__DATASET SECTION__:
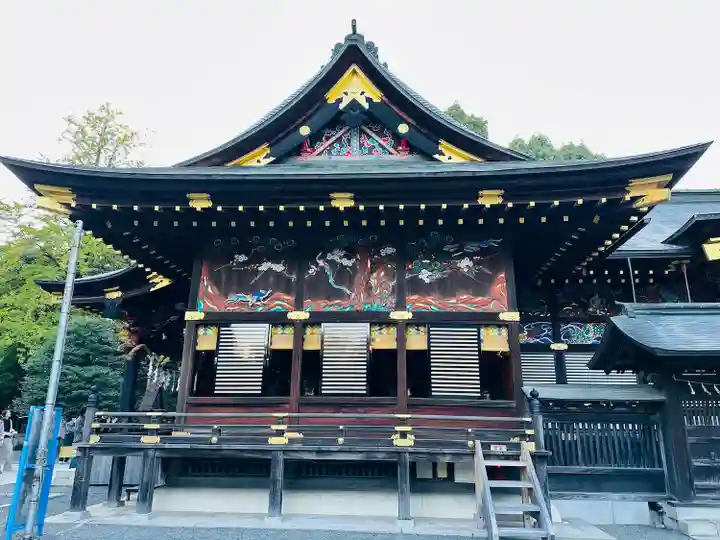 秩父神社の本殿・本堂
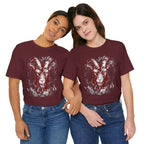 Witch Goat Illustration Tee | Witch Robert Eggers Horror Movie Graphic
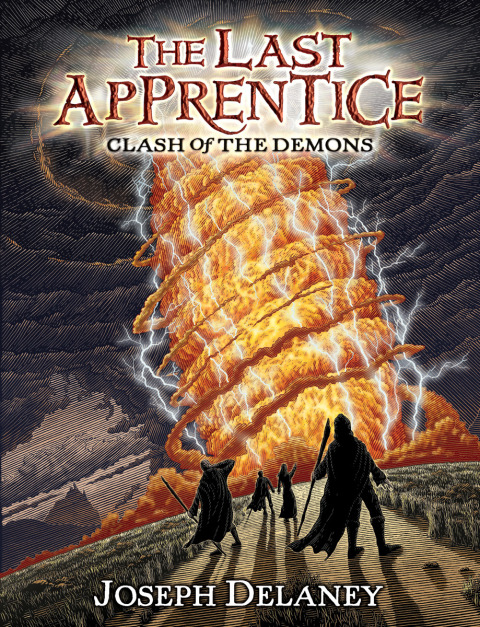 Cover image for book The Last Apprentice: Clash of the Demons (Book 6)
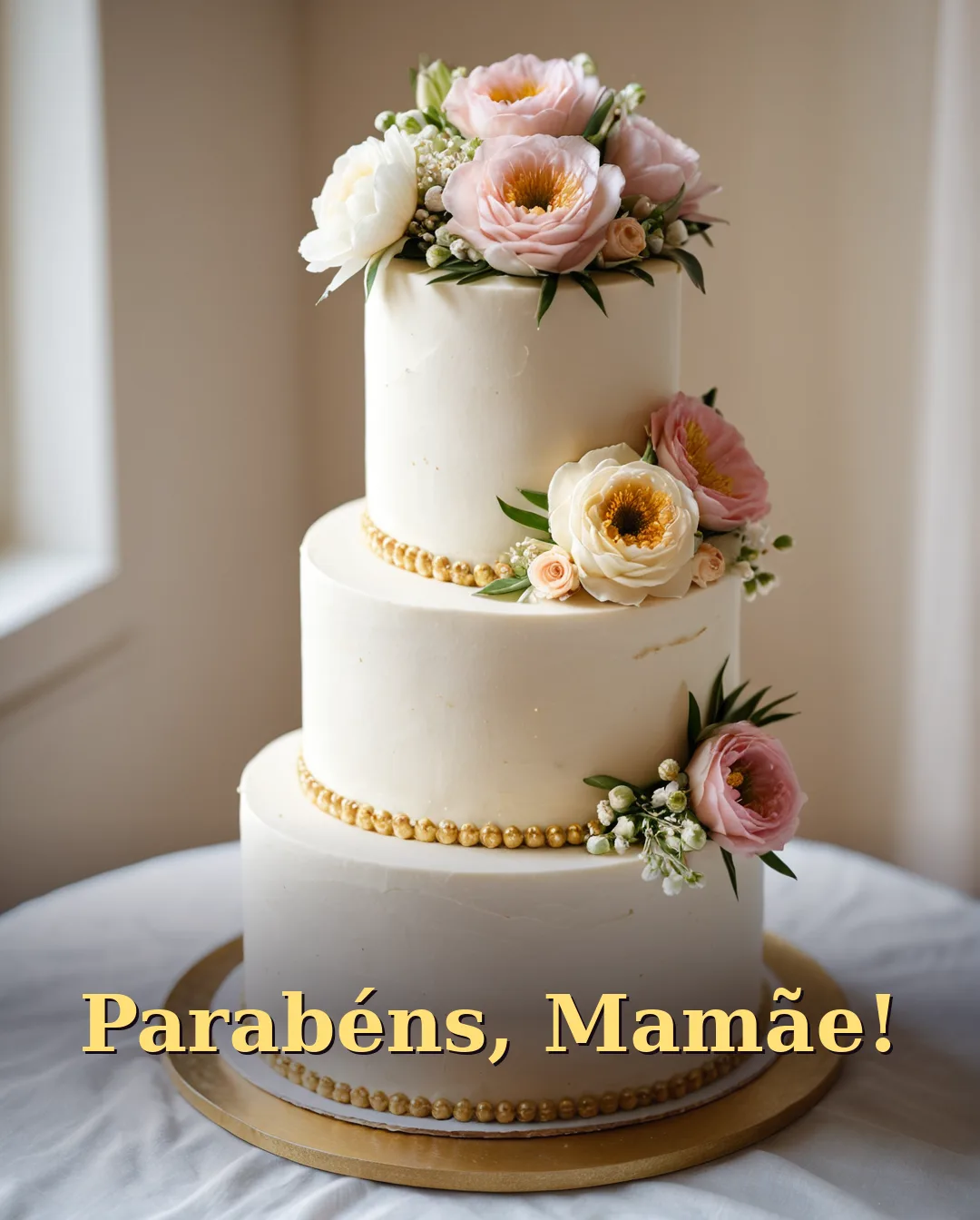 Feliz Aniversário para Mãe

__INSTRUCTIONS TO FOLLOW__:
Output the data above exactly; pictures do not belong in the copy.

__ANSWER SECTION__:
 秩父神社の本殿・本堂
 Witch Goat Illustration Tee | Witch Robert Eggers Horror Movie Graphic
 Cover image for book The Last Apprentice: Clash of the Demons (Book 6)
 Feliz Aniversário para Mãe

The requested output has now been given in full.